Önce boğazda bulunan bir transseksüel hayat kadının cesedi ile açılışını yapıyor öykü. Cesedin ortaya çıkışının da bir Hristiyan âdeti olan ‘to fota’ (denizden haç çıkarma) töreninde yaşanması, yapımın genel karakteristiği açısından manidar... Henüz daha ilk cinayetin araştırma sürecinde, dizeye adını veren ‘Alef’ simgesi ile tanışıyor seyirci. Ardından ismi çoktan unutulmuş bir yazar, F.A.K. kısaltmalarıyla hikâyeye dâhil oluyor. Tek kopyası 30 seneden fazladır ortada olmayan ve İslam’da tabir-i caize aforoz edilmiş tarikatlara dair bir romanın yazarı F.A.K. Bu hiç basılmamış gizemli eser (adı Gökkuşağı ki ilk cinayete de göndermesi var bu anlamda) ve yazarı da dedektiflerin yolunu İslam tarihi bölümünde öğretim görevlisi olan Yaşar Turan ile kesiştiriyor…
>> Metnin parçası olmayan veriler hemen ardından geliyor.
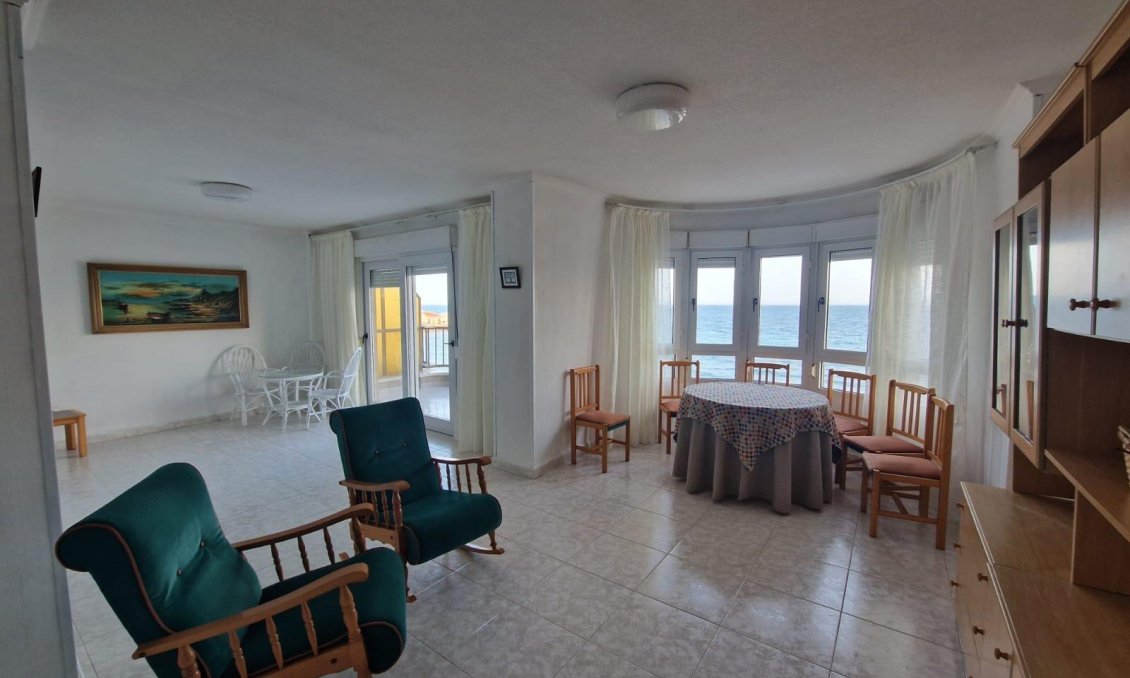 Resale - Apartment -
Torrevieja - Playa de los Locos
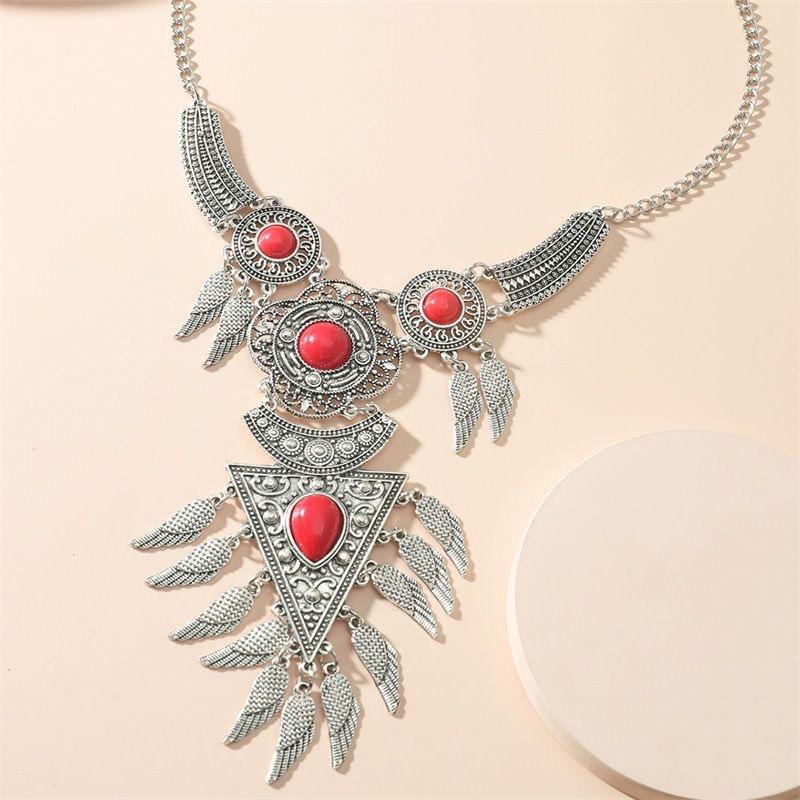 Retro Ethnic Style Alloy Collarbone Chain Hollow Flower Creative Necklace Bohemian Hanfu Ancient Clothing Neck Chain Necklace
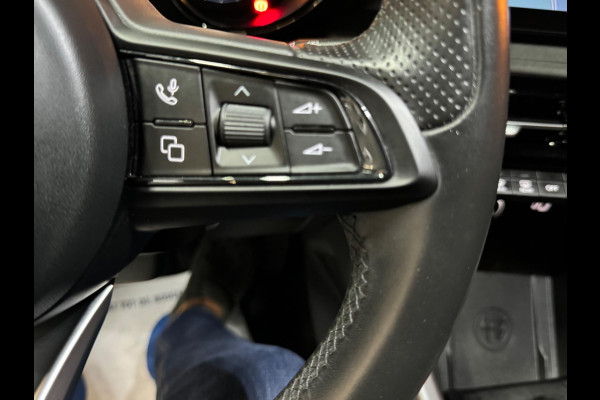 Alfa Romeo Tonale 1.5T Hybrid Sprint Garantie Carplay Adoptieve Cruise Clima Navi Led Dab Rijklaar Alfa Romeo Tonale 1.5T Hybrid Sprint Garantie Carplay Adoptieve Cruise Clima Navi Led Dab Rijklaar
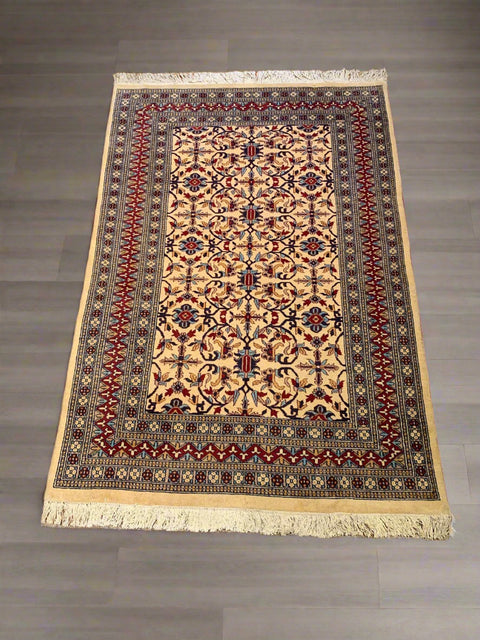 Hand-Knotted Pakistani Wool Rug, Tribal/Floral Design, size 4" x 5' 7"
Öykü boyunca işlenen seri cinayetlerin birinde oldukça ünlü, muhafazakâr bir yazarın öldürülmesi, diziye esas dokusunu veren ikinci hamle oluyor. Bu ikinci cinayetin F.A.K adlı yazarın eseriyle bağlantısını Kemal çözmeye çalıştıkça, seyirci de seri katilin mesajını ve dolayısıyla senaryonun da alt metnini özellikle 3. bölüm itibariyle daha net anlamaya başlıyor… Karakterlerin kişisel hayatlarındaki çalkantıların yanı sıra, emniyet birimlerinin kendi arasındaki çekişmeleri, cinayet dosyalarına ‘üslerin’ müdahil olması gibi detaylar ve yan hikâyeler de ana omurgayı destekliyor.
Bu birden çok katmanlı örgü, Emre Kayış’ın kalemin çıkma. İlk 3 bölüm itibariyle kurguda taşların yerine yavaş yavaş oturduğunu söylemek mümkün. Cinnet getirip kadın cinayeti işlemenin boş vakit aktivitesine dönüştüğü memleketimizde, dört başı mağrur kurulmuş bir seri katil hikâyesini, İslami ve tasavvufi bir altyapı ile kurgulamak iyi bir çalışma ve yaratıcılık gerektiriyor. Dizinin öne çıkan farklılıklarından biri, tüm bu kesişmlerin uyandırdığı ortak merak duygusu.
İkincisi ise gerçekten görüntü yönetmenliğinden (Ahmet Sesigürgil), sanat departmanına (Sedef Gürtop) teknik yapının çok iyi kurulmuş olması. Emin Alper’in kamerasına, alıştığımız standartların üstünde bir ekip hizmet ediyor. Bu özen, doğası itibariyle evde seyrettiğiniz bir yapımın seyir zevkini arttırıyor.
Oyunculuklarda İngiliz Kemal olarak Kenan İmirzalıoğlu dürüst olmak gerekirse maalesef biraz yapay kalıyor. Karakterinin ortamdaki yabancılaşmasını yansıtabilmek adına oyuncunun takındığı tavır, maalesef seyirciyi de karakterden soğutuyor. Emekliliği gelmiş eski kurt polis Settar rolünde Ahmet Mümtaz Taylan, tam da umduğumuz hatta alıştığımız gibi; özellikle ağzına küfür çok yakışıyor, belirtmeden geçmek olmaz. Fakat platform itibariyle rahatça kullanılan küfür dozunun yanında bazı diyalogların da sarktığını, kulağa hiç gerçekçi gelmediğini eklemek gerek...
Son 5 yılda oynadığı her yan rolü karakteristik bir fenomen olarak akıllara kazıyan, AŞT’nin (Antalya Büyükşehir Belediyesi Şehir Tiyatroları) duayen ismi Müfit Kayacan, Alef’te de yine kağıt üzerinde küçük gibi görünen bir rolü, adli tıp uzmanını Arap’ı kamera önünde ete kemiğe büründürüyor. Kayacan ile Emin Alper’in Kız Kardeşler filminde de beraber çalıştığını hatırlatalım.
Son bir not daha ekleyelim, Mercan Dede’nin özgün müziklerinden bağımsız özellikle Settar direksiyondayken fonda çalan nostaljik müzikler başlı başına bir ‘çalma listesini’ hak eder cinsten. 8 bölüm sonunda derli toplu bir soundtrack listesi paylaşılır umarız ki…
8 bölümlük Alef’in kalan 5 bölümü her Cuma akşamı saat 21:30’da BluTV’de ve FX ekranlarında yayınlanacak. Karantina günlerinde sürükleyici bir yeri yapım arayanlara tavsiye olunur.